Carbon monoxide (CO) is a serious risk to many homes around the country, especially during winter months. Because you can't detect carbon monoxide via taste, smell or colour, this poisonous gas can silently kill you while sleeping.
CO is produced in the home in many different ways, from blocked chimneys to heating appliances. Your home's heating system is particularly prone to producing CO. This happens if there isn't enough oxygen in the surrounding air to oxidise CO to CO2, or carbon dioxide.

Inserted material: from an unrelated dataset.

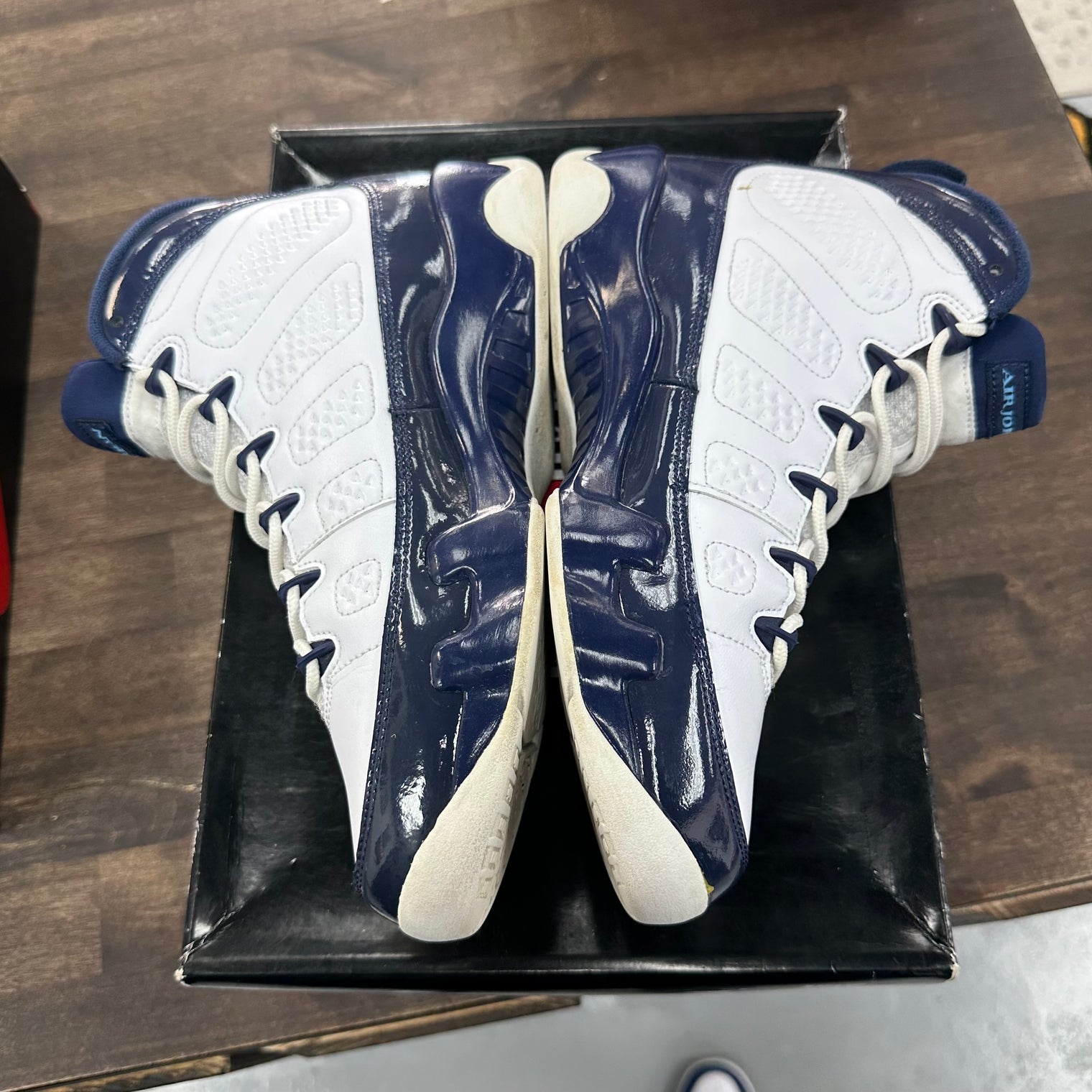 Pearl University Blue Jordan 9 (USED)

There are several steps you can take to ensure that your furnace isn't responsible for producing CO while at home.
1. Don't block your vents
If your furnace is old, it may contain carbon deposits that can be oxidised to produce CO. Start by making sure that all the vents in the home aren't blocked by furniture, debris or any other items.
Blocked vents restrict proper airflow and prevent any carbon deposits from being fully oxidised to CO2. Blocked vents also result in the overworking of your furnace, which can cause the reverse effect of increasing CO in the home.

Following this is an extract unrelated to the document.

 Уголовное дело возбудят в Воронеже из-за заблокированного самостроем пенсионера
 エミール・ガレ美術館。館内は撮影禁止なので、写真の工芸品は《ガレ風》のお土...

2. Keep your chimney clean
Chimneys are also another notorious source of carbon deposits. After heating your home, carbon can accumulate inside the chimney over time. This carbon tends to be partially oxidised to CO, which can enter the home and cause health risks.
Make sure your chimney is professionally cleaned to remove creosote, carbon deposits and other potentially harmful items from entering your home.
3. Invest in a carbon monoxide detecting device
Because CO can be difficult to detect, consider installing a detecting device in your home. These devices work much like smoke machines. They can be placed strategically around the home to keep track of CO levels so you can react accordingly.
Detectors can also uncover where your CO is likely coming from. For example, if you have a blocked vent in a particular room and the CO levels are higher, you'll know where the problem is coming.
4. Don't ignore your HVAC system
A dirty furnace can also cause CO to be emitted from the ductwork. You should ensure that your ducts are cleaned on a regular basis to remove any potential contaminants to your indoor air supply.
During duct cleaning, you should also have the maintenance staff inspect your HVAC system. The maintenance crew can inform you of any possible risk factors that may result in CO inside your home.